Disney World had great rides, exciting attractions and lively shows. But like most novices, we overdid it. We snaked through lines, boarded attractions and hurried on to the next experience. Along with many magical moments, there were more than a few cranky meltdowns. Over the years we’ve gone through the gates with our progeny when they were pre-schoolers, pre-teens, teens, college students and twentysomethings. Here are three Golden Rules we've learned to follow.
Book an on-property lodging.
Disney Resorts has rooms ranging from moderately priced to expensive. Staying on site cuts travel time and allows admission to a designated park one hour earlier or later each day. That gives you more park time with fewer crowds.
Establish an amount for souvenirs.
As soon as I wheeled my 4-year old daughter Alissa down Magic Kingdom’s Main Street on her first park visit, she pointed to the five –foot Minnie Mouse in the window, demanding one. I explained that this long tall mouse costs about twenty times more than we agreed to spend and that these big dolls serve mostly as eye-catching window displays. As Alissa pondered this, a man walked out the door clutching a monster Minnie under his arm, followed by a beaming five-year-old. Alissa escalated her wailing to a wake-the-dead level.

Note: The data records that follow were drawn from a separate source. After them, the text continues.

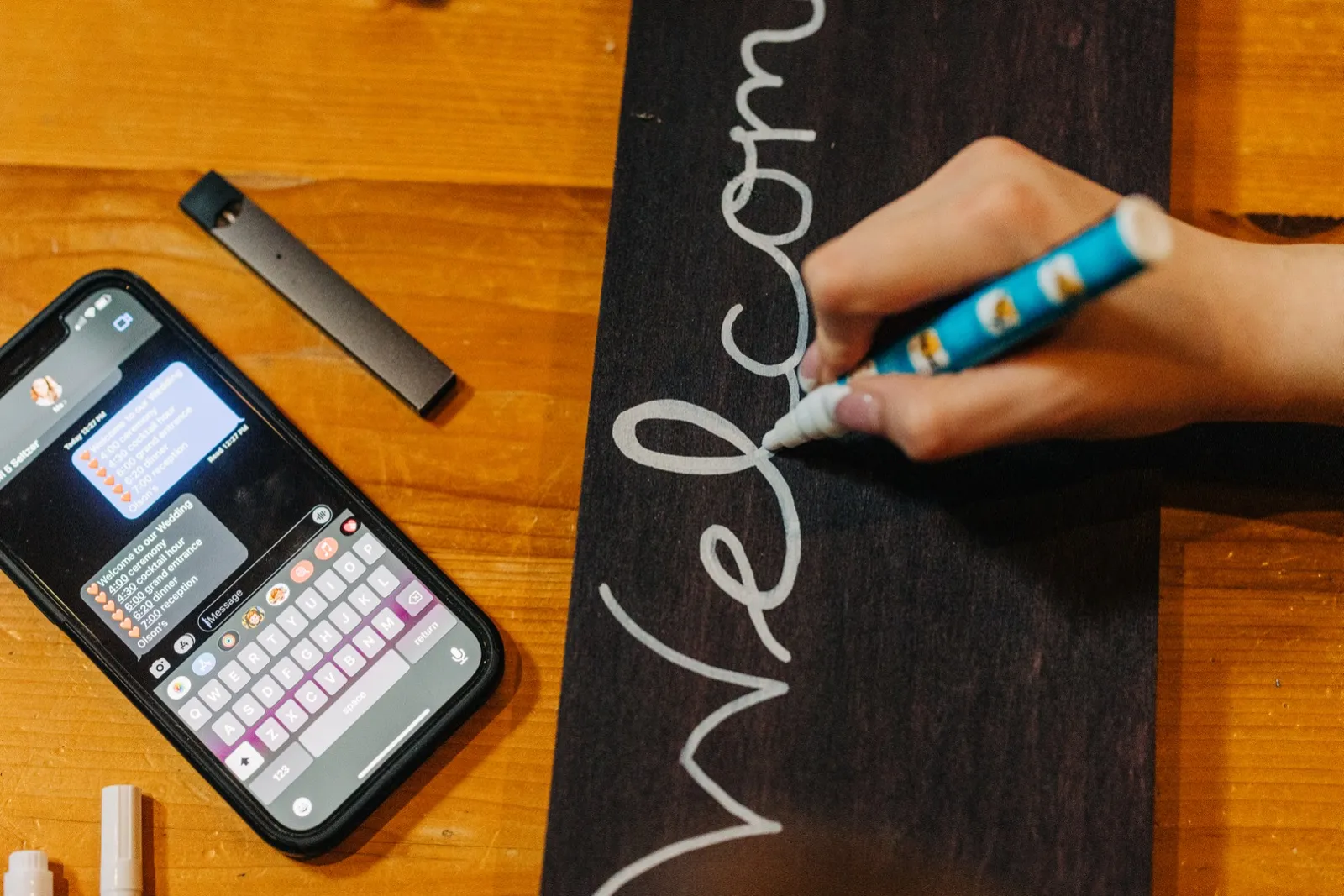 An overhead view shows a hand lettering the word 'Welcome' in white paint marker on a dark wood sign, with a phone displaying the wedding day timeline resting on the table beside it. — Tim Larsen Photography, Brainerd Lakes MN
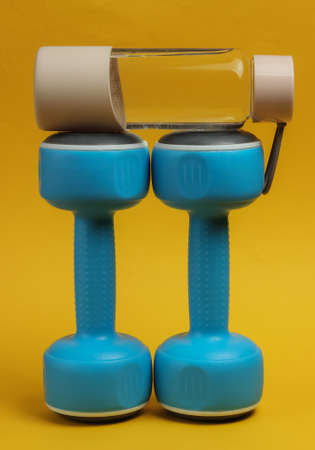 Accessories for fitness and sports on yellow background. Dumbbells, bottle of water.の写真素材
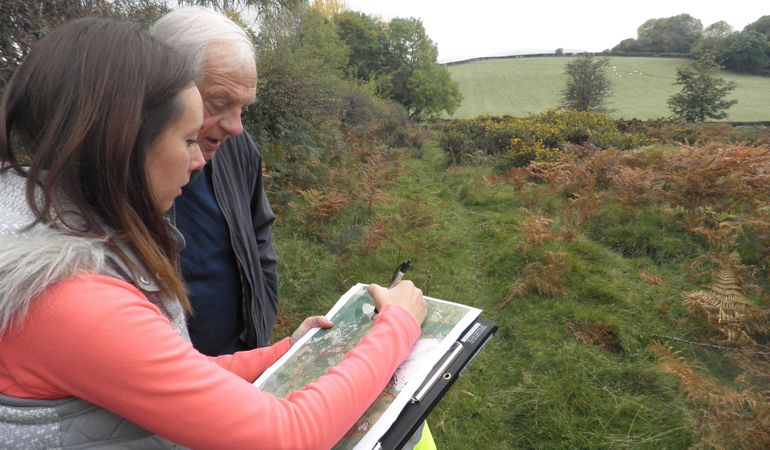 Two people marking on a map where to cut on the Halkyn Mountain Two people marking on a map where to cut on the Halkyn Mountain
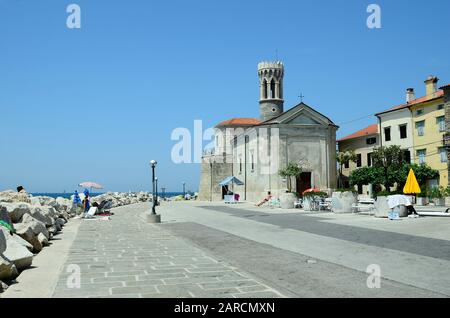 Piran, Slovenia - July 4th 2015: Unidentified people relaxing in front of medieval church Sveti Klementa in the picturesque village on Adriatic sea Stock Photo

To placate her, I purchased a reasonably priced, doll-sized Minnie and handed her to Alissa, who immediately threw midget Minnie on the ground. I reassured Alissa that our Minnie would be waiting for her when she was ready. It took two Tylenol for me plus lunch and a nap for Alissa until she finally accepted petite Minnie, who became Alissa’s favorite doll and traveled with us for years.
What did I learn? I can survive the souvenir wars by bending the budget a little and by not being guilt-tripped or yelling. Eventually, kids calm down and get back into the fun of the thrill rides and attractions .
Take an afternoon nap.
After a busy day at Disney World, everyone needs a nap, especially mom and dad. Be sure to arrive back at your hotel by 3 p.m. or so. Let your kids splash in the pool and play. Afterwards, nap, then have a quick dinner and head back to the park for the parades and evening fireworks.
And remember, there will be lines, crowded restaurants, costly lunches, and plenty of ways to get overtired and feel underappreciated as a parent. Just keep your sense of humor and remember why you came to Disney World in the first place—to have quality time with your kids. That way, you’ll always find the magic.